* **Problem statement**:
Look through the data for the string "Long". Copy every line where it is found.
________________________
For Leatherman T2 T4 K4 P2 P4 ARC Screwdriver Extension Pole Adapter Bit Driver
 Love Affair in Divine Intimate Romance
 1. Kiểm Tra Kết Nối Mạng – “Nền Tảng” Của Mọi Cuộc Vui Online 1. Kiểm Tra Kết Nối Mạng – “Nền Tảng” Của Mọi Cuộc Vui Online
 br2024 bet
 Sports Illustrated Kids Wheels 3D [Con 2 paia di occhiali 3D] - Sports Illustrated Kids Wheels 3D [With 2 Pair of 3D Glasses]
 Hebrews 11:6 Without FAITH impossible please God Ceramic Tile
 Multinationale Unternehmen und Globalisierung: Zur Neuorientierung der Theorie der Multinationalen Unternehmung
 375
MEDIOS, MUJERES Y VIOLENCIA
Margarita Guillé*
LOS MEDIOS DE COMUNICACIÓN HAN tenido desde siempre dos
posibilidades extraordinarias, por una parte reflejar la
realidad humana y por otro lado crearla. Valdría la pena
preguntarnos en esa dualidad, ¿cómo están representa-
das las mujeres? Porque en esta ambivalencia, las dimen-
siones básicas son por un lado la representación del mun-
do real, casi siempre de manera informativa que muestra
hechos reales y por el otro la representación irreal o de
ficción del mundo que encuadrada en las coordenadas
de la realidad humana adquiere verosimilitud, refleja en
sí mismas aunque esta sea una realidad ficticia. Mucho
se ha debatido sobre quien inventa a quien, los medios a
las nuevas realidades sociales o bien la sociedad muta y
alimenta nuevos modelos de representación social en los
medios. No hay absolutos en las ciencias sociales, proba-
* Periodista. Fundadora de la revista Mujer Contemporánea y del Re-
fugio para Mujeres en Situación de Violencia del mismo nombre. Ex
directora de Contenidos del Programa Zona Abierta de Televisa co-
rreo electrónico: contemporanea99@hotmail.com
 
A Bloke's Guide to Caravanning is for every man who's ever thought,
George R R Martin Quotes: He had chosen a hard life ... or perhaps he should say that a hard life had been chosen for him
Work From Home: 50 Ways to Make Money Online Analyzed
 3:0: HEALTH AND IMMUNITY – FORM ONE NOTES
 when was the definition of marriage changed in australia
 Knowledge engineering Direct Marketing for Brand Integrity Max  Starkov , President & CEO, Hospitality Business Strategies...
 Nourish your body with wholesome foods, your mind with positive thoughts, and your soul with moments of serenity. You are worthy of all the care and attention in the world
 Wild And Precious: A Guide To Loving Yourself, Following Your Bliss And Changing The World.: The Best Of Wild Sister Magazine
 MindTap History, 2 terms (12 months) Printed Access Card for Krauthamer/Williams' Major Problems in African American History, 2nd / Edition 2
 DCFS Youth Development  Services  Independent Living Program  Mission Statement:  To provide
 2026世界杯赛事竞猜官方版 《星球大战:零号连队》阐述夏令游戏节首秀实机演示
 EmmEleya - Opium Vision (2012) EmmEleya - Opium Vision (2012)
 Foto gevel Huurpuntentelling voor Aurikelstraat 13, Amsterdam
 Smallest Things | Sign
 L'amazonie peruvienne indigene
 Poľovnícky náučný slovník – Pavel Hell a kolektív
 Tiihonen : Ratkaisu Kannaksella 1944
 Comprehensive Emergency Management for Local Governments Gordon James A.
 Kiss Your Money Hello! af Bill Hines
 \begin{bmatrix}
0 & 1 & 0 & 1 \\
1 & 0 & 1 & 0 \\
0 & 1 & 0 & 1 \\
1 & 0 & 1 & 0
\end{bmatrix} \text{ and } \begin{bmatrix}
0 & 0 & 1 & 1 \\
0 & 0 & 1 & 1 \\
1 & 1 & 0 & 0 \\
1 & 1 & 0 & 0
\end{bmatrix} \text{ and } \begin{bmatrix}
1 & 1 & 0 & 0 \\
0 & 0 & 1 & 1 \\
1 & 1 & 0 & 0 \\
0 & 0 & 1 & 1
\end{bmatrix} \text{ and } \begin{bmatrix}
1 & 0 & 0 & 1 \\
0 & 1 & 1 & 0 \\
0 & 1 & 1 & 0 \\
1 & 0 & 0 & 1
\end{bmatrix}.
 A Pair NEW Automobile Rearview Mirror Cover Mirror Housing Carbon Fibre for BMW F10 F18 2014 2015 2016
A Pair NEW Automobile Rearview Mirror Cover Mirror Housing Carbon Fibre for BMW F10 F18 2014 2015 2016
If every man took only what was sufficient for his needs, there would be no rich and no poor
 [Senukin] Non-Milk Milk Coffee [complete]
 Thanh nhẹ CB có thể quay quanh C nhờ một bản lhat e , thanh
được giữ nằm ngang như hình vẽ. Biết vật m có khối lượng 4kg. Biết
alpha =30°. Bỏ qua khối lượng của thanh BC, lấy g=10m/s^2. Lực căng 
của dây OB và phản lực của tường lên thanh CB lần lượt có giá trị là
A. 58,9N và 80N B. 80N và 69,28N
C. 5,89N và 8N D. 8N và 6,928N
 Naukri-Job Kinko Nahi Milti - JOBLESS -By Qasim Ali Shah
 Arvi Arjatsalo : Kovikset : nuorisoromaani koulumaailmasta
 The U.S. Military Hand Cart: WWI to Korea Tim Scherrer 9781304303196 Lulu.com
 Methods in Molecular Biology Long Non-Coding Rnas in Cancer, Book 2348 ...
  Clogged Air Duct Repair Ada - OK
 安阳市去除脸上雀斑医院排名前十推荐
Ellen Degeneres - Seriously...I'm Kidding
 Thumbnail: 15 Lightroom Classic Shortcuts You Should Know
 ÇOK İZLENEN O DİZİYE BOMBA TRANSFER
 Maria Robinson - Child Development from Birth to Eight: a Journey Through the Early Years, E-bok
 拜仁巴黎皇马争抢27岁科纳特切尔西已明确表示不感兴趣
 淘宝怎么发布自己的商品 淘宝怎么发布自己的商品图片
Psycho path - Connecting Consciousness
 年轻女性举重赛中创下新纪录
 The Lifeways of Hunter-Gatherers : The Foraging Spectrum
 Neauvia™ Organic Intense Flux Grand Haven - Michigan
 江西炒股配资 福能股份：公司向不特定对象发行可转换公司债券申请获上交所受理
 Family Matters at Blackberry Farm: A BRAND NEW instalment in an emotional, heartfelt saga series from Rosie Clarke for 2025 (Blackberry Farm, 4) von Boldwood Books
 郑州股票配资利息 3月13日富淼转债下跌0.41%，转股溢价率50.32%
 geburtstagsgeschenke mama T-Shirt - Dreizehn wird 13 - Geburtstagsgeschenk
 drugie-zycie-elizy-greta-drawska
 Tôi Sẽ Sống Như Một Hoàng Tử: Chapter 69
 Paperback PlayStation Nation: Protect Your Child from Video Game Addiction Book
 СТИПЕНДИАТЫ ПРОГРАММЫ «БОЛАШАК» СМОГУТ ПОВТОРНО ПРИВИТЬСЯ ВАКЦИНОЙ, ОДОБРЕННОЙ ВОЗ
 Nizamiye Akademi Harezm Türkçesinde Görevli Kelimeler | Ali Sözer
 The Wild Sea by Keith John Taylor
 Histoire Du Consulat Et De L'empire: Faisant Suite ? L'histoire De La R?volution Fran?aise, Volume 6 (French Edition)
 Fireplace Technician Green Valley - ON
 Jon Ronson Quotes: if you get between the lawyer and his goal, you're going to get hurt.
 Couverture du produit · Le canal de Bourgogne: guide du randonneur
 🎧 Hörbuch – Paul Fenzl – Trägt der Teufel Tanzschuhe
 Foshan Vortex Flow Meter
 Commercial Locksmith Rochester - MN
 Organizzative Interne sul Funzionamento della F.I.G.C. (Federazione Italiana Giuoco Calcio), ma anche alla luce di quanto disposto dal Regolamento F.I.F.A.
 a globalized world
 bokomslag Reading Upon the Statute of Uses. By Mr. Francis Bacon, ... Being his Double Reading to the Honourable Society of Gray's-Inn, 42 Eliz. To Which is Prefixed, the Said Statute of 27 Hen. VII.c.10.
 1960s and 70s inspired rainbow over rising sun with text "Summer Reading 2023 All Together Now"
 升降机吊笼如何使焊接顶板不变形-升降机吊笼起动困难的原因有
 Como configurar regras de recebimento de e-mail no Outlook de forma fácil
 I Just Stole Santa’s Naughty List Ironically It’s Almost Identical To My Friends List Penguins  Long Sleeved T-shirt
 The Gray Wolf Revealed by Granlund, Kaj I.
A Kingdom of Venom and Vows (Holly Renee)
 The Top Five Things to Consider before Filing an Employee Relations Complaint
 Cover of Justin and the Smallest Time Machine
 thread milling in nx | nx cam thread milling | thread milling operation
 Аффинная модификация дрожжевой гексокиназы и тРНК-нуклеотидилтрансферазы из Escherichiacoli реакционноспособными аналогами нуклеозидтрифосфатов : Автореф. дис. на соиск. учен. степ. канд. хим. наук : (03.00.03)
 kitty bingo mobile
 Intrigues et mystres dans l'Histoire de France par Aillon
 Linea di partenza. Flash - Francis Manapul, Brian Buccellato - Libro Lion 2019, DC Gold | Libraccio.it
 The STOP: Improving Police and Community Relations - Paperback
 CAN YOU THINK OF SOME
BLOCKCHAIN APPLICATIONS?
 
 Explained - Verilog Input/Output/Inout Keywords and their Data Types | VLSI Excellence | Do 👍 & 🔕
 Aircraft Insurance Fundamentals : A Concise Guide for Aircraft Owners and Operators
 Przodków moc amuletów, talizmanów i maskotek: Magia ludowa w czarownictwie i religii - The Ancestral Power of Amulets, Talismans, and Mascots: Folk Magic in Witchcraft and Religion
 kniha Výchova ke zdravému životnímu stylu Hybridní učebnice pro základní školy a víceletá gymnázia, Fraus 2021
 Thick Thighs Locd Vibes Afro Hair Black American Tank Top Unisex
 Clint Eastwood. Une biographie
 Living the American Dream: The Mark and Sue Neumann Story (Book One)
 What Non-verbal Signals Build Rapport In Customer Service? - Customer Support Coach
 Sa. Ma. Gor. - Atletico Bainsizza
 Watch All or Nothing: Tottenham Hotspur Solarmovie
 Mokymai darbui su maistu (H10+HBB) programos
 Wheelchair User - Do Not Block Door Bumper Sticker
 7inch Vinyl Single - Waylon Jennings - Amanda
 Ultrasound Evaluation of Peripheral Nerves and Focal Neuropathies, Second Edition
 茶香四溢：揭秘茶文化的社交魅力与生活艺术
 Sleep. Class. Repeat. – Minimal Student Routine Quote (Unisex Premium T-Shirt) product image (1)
________________________
* **Result below**:
 Methods in Molecular Biology Long Non-Coding Rnas in Cancer, Book 2348 ...
 I Just Stole Santa’s Naughty List Ironically It’s Almost Identical To My Friends List Penguins  Long Sleeved T-shirt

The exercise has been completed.